_WORK TASK_: Your task is to transcribe, word for word, the line containing "Tan Double-Breasted Blazer" and all lines that follow it to the end of the entries. Leave out the pictures.

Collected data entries
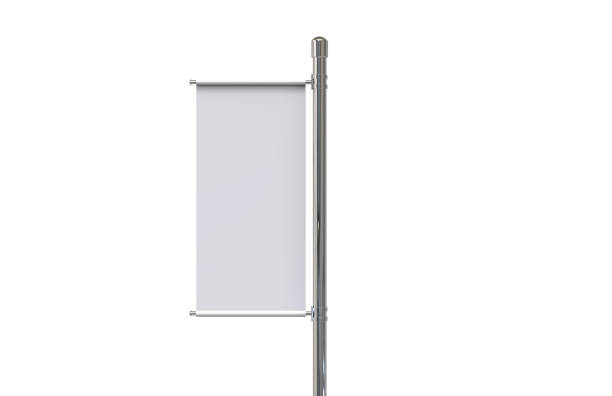 istock Blank pole banner mock up template on isolated white background, ready for design presentation, 3d illustration 1166366558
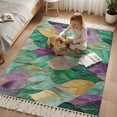 thumbnail image 6 of Kitchen Runner Rugs, Abstract Leaf Geometric Art 4'x6' Throw Rug with Tassels, Retro Gradient Leaves Washable Soft Floor Carpet Runner for Hallway Bedroom Bathroom Laundry Room, 6 of 9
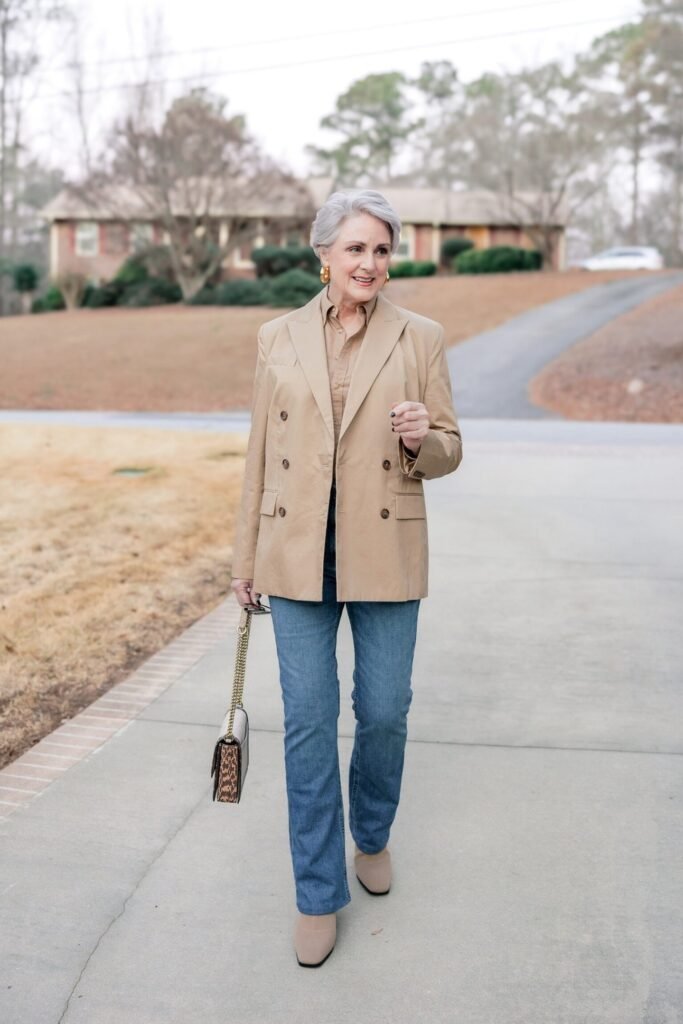 Tan Double-Breasted Blazer + Tan Button-Down Shirt + Blue Jeans + Tan Square-Toe Boots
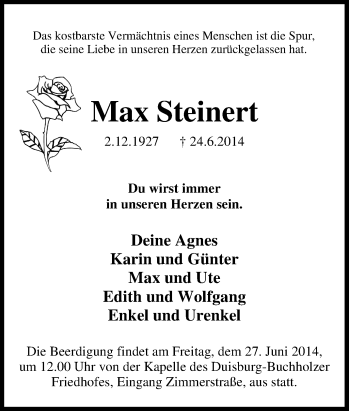 Traueranzeige von Max Steinert von Tageszeitung
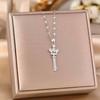 Women's Silver Titanium Steel Necklace with Micro-Inlaid Zircon - Elegant, Durable Clavicle Chain Jewelry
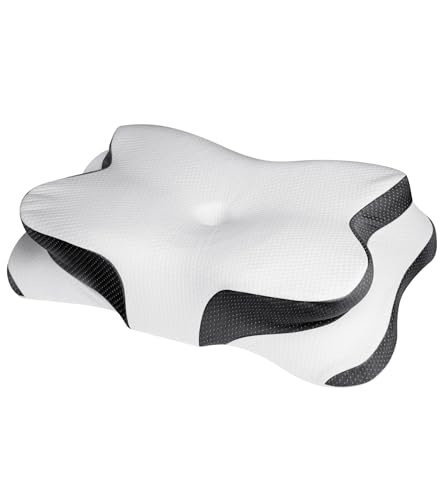 Contour Memory Foam Neck Pillow for Pain Relief, Side Sleepers, Black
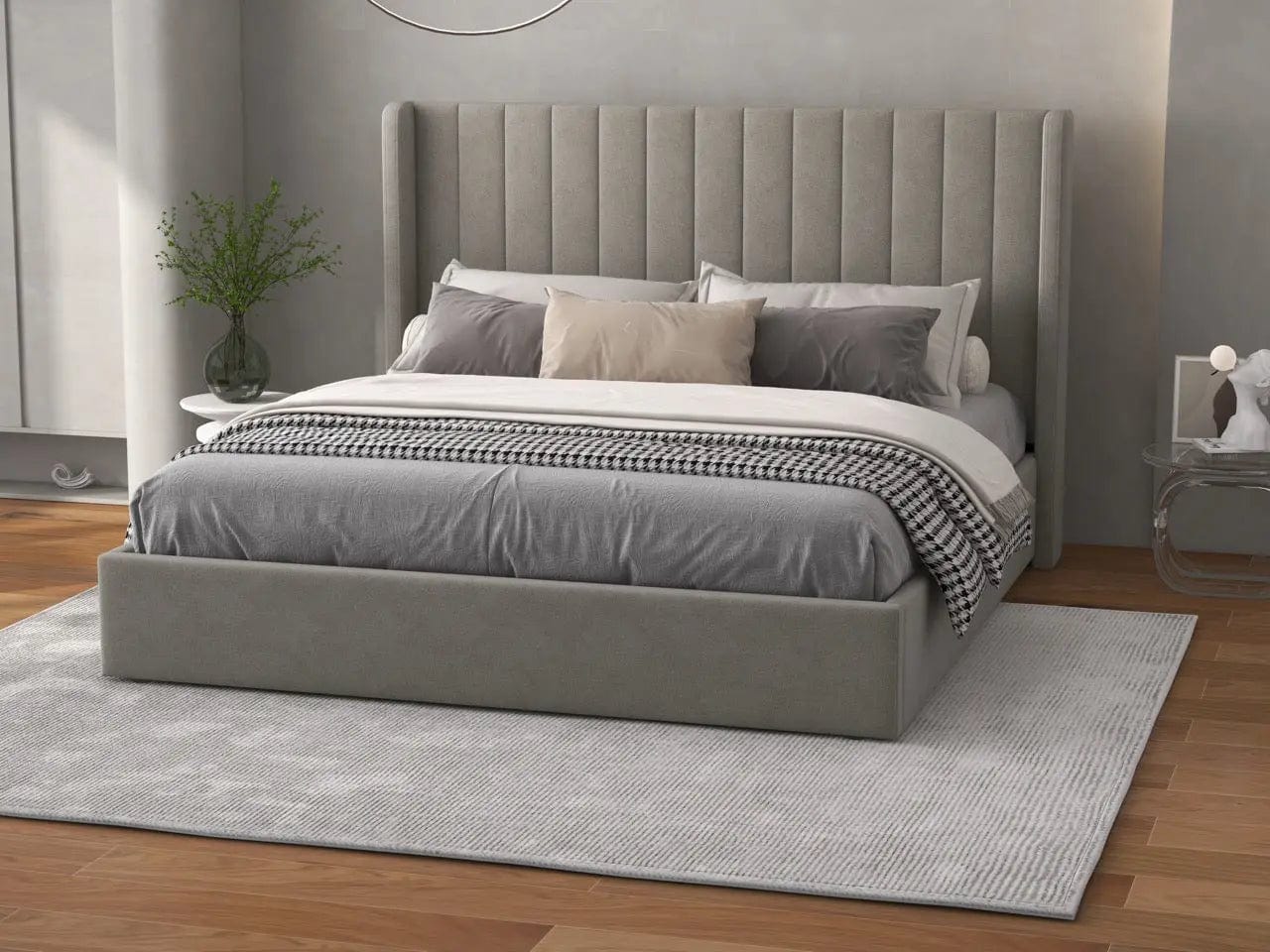 Pat dormitor dumonde, tapitat bej, Oslo 160x200 cm, somiera rabatabila inclusa, spatiu depozitare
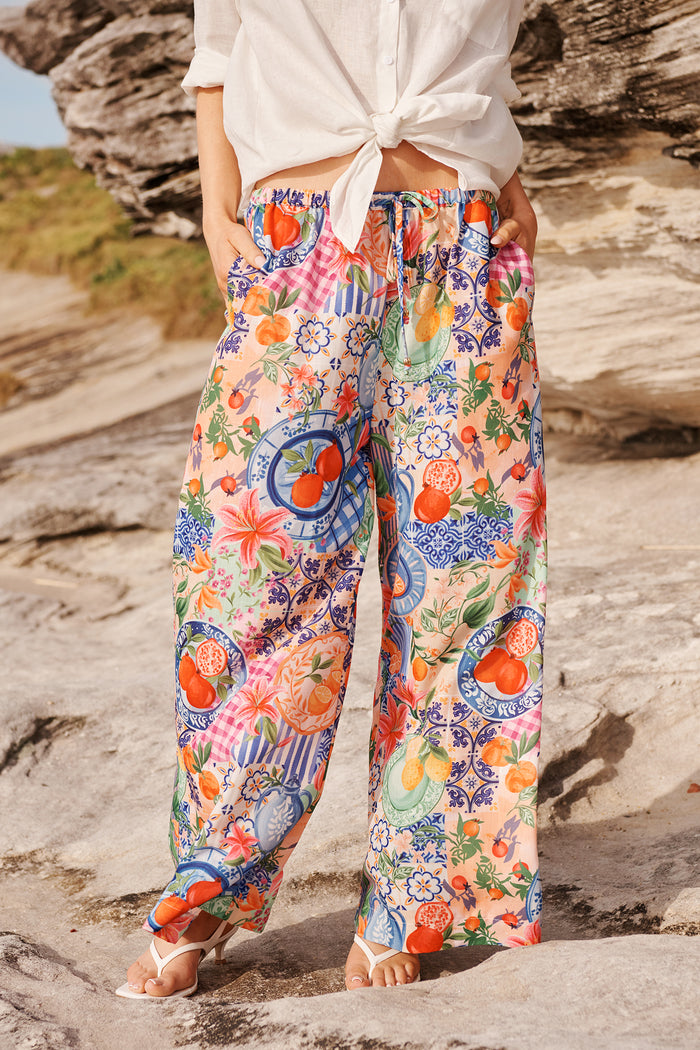 Romeo Pant in Multi Fruit Patchwork Linen Blend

_THE COMPLETED TASK_:
 Tan Double-Breasted Blazer + Tan Button-Down Shirt + Blue Jeans + Tan Square-Toe Boots
 Traueranzeige von Max Steinert von Tageszeitung
 Women's Silver Titanium Steel Necklace with Micro-Inlaid Zircon - Elegant, Durable Clavicle Chain Jewelry
 Contour Memory Foam Neck Pillow for Pain Relief, Side Sleepers, Black
 Pat dormitor dumonde, tapitat bej, Oslo 160x200 cm, somiera rabatabila inclusa, spatiu depozitare
 Romeo Pant in Multi Fruit Patchwork Linen Blend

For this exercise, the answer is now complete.